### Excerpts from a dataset
+--
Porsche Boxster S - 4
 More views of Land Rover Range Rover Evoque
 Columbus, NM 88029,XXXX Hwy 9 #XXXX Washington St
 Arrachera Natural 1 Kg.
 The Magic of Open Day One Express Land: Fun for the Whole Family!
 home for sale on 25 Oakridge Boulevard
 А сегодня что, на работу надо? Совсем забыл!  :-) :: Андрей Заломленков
+--
### Required action
Word for word, restate each of the records above.

### Output below
Porsche Boxster S - 4
 More views of Land Rover Range Rover Evoque
 Columbus, NM 88029,XXXX Hwy 9 #XXXX Washington St
 Arrachera Natural 1 Kg.
 The Magic of Open Day One Express Land: Fun for the Whole Family!
 home for sale on 25 Oakridge Boulevard
 А сегодня что, на работу надо? Совсем забыл!  :-) :: Андрей Заломленков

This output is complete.